La tradición literaria, contrario a lo que pudiera pensarse, es distinta y aún opuesta al concepto de canon. La primera tiene que ver más con el cúmulo de motivos, procedimientos estilísticos y efectos conseguidos a lo largo de la historia de una literatura nacional o de la historia de la literatura de una lengua. Es una continua conquista estética, un paradigma de medios expresivos.  El segundo es, más bien, el resultado de una manera de entender y escribir poesía. El canon es producto de la tensión que se establece entre los distintos medios de la legitimación de la literatura (becas, premios, publicación en sellos prestigiosos, proximidad al poder político o cultural, etc.). La historia de una poesía nacional es la historia de las relaciones entre la tradición literaria y el canon.

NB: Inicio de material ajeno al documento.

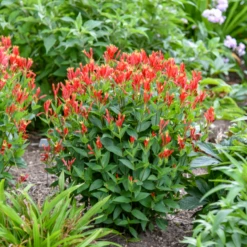 'Orange Slices' Spigelia 8 'Orange Slices' Spigelia -Garden Plants Store Spigelia marilandica Orange Slices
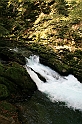 IMG_7524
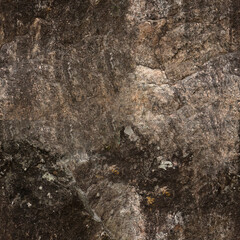 Seamless Rock Surface Texture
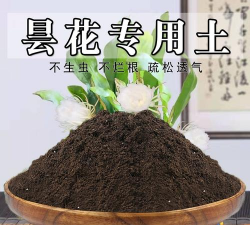 小众送妈妈的花有哪些花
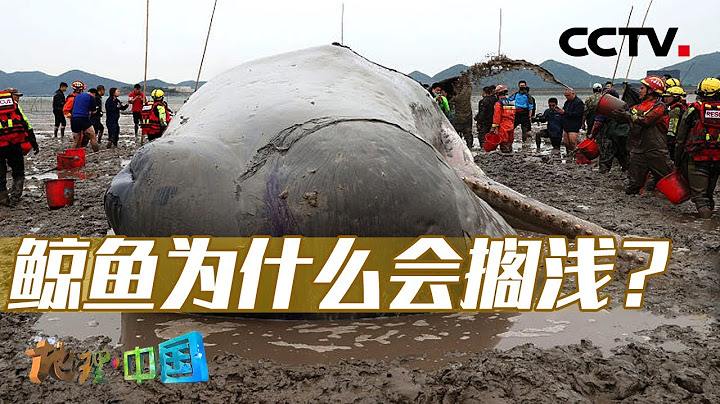 迷路？人為干擾？鯨魚究竟為什麼會擱淺？20230703 特殊的生境8·灘涂“鯨”險（下）|《地理·中國》CCTV科教 - 天天要聞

         Góngora podría servirnos de ejemplo para dar cuenta de lo anterior. El cordobés cultivó (apelando al conjunto de medios expresivos que le otorgaba su tradición) distintos lenguajes literarios, diversos registros: el manierismo de raigambre petrarquista en sonetos de gran lirismo, un barroco de angustiosa y sobria expresión (“A una rosa”), el romance y su gusto popular y aún un barroquismo deliciosamente desmesurado y experimental en “La fábula de Polifemo y Galatea”, por ejemplo. Era un grandísimo poeta, sin duda. Sin embargo, según Arnulfo Herrera,

 

el triunfo definitivo de la poesía culta se logró en 1616 cuando el Homero Español ganó un certamen para consagrar la capilla de Nuestra Señora del Sagrario en la imperial Toledo. Tal vez estuvo arreglado por fray Hortensio Félix Paravicino, amigo y discípulo del poeta, lo cierto es que las fiestas habían sido patrocinadas por el cardenal Sandoval y Rojas, tío del duque de Lerma, el valido de Felipe III y el más poderoso de los hombres en ese momento. Góngora se encontraba en el punto más álgido de su carrera literaria y en plena campaña política, medrando para obtener un cargo palaciego.

 

Es decir, los usuales procedimientos de legitimación trabajaron a favor del poeta. Esta operación se repite una y otra vez en nuestras tradiciones hispánicas y seguramente en cualquier otra.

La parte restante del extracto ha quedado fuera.